International career^{‡}
- 2016: Russia U15 / 5 / (0)
- 2016–2017: Russia U16 / 12 / (0)
- 2017–2018: Russia U17 / 18 / (4)
- 2019: Russia U18 / 9 / (0)
- 2019: Russia U19 / 3 / (1)

= Leonid Gerchikov =

Russian footballer

Leonid Borisovich Gerchikov (Леонид Борисович Герчиков; born 17 August 2001) is a Russian football player who plays for SKA Rostov-on-Don.

==Club career==
He made his debut in the Russian Professional Football League for Chertanovo Moscow on 20 May 2018 in a game against Murom.
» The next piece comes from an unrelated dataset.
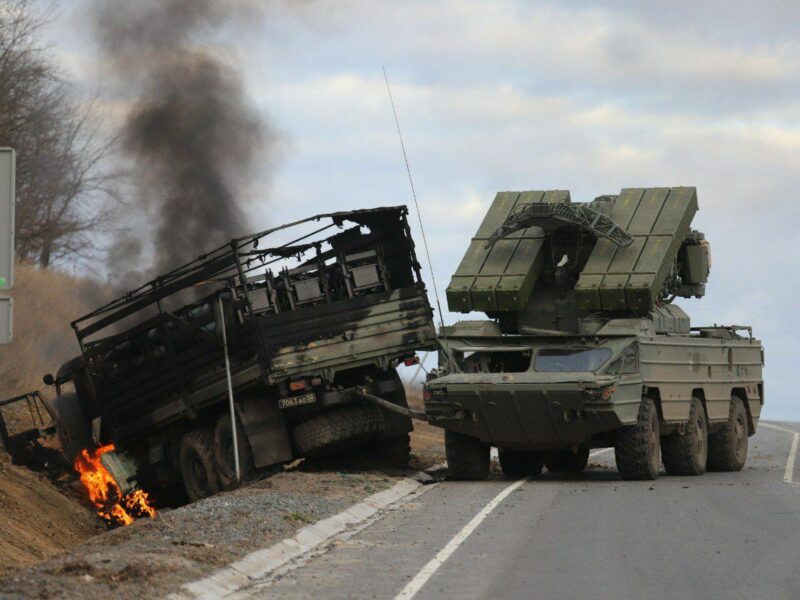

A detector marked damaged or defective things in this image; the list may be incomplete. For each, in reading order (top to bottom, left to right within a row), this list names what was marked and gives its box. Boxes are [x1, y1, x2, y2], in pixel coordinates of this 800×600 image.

burned military truck [47, 207, 434, 502]
charred truck canopy frame [53, 206, 434, 502]
burned military truck [424, 190, 764, 480]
He made his Russian Football National League debut for Chertanovo on 13 October 2018 in a game against Shinnik Yaroslavl.

On 5 February 2022, Gerchikov moved to Krylia Sovetov Samara. On 17 February 2022, Gerchikov was loaned by Metallurg Lipetsk.

On 17 August 2025, he joined SKA Rostov-on-Don in Media Football League.